Yes, that was the time when we tried hard without luck to find books by this writer - Aubrey Menen, remember him? Perhaps not! For those who have not the faintest clue who this was (too bad, you missed something), here is a little something, rearranging his life in some words. He was the one who said - "Men of all races have always sought for a convincing explanation for their own astonishing excellence and they have frequently found what they were looking for."

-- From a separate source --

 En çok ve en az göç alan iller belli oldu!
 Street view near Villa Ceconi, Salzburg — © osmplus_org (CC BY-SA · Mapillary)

He was a confused person perhaps, where the problems of identity started right at birth. Today we have usages like ABCD –American Born Confused Desi, but in the case of Aubrey, it had started so many decades ago, when he was born to a Malayali father Dr KN Menon and an Irish-English mother in 1912, a very unique situation. As a result, his entire life was spent in limbo, as a foreigner in Britain due to his skin color and a foreigner in India due to his English parentage and upbringing. Many other things including sexuality confused him and his attempts to find answers to all those resulted in some beautiful prose and satire, very different from the others writing at that time, both Indian and English.
Let’s start with a sampler with Menen’s classic satire He once told the publication ‘Contemporary Authors’ that any aspiring writer should perform daily physical exercise: He should sit on his bottom in front of a table equipped with writing materials. If his top end fails him, at least his nether end won't. That’s Menen for you.
One of his usual haunts during his final years was the British library in Trivandrum, a place I myself had frequented during holidays. The thought took me back to the days when I would cycle from Kazhakootam to the city where my friend Venu lived. We would sometimes go to the British council library or the Indian coffee house nearby. During those jaunts, we may have come across the shorts clad, white haired author and his companion, but in those days writers did not have such popularity and their pictures and persona were not well known to people like us. Their writings caught our fancy, and his personal life was secondary.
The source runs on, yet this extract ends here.